** Problem requirements **
Write out, without any change, the lines in the material below that run from the line with "The campus phone" through the line with "Okay, we have", both included.

** Records to process **
· · · · · · ·
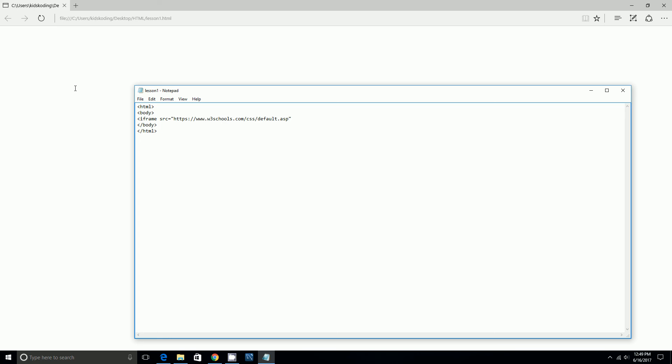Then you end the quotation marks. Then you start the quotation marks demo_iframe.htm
· · · · · · ·
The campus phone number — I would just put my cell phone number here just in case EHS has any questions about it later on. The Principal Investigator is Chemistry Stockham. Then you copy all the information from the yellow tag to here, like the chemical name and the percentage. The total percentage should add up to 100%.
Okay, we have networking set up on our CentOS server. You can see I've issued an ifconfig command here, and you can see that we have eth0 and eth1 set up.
· · · · · · ·
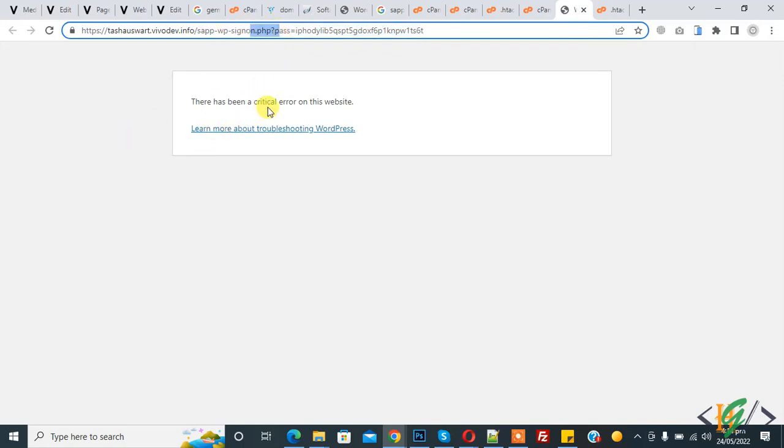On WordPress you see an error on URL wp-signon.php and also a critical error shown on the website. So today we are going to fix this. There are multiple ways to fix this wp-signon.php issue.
· · · · · · ·
** Solution below **
The campus phone number — I would just put my cell phone number here just in case EHS has any questions about it later on. The Principal Investigator is Chemistry Stockham. Then you copy all the information from the yellow tag to here, like the chemical name and the percentage. The total percentage should add up to 100%.
Okay, we have networking set up on our CentOS server. You can see I've issued an ifconfig command here, and you can see that we have eth0 and eth1 set up.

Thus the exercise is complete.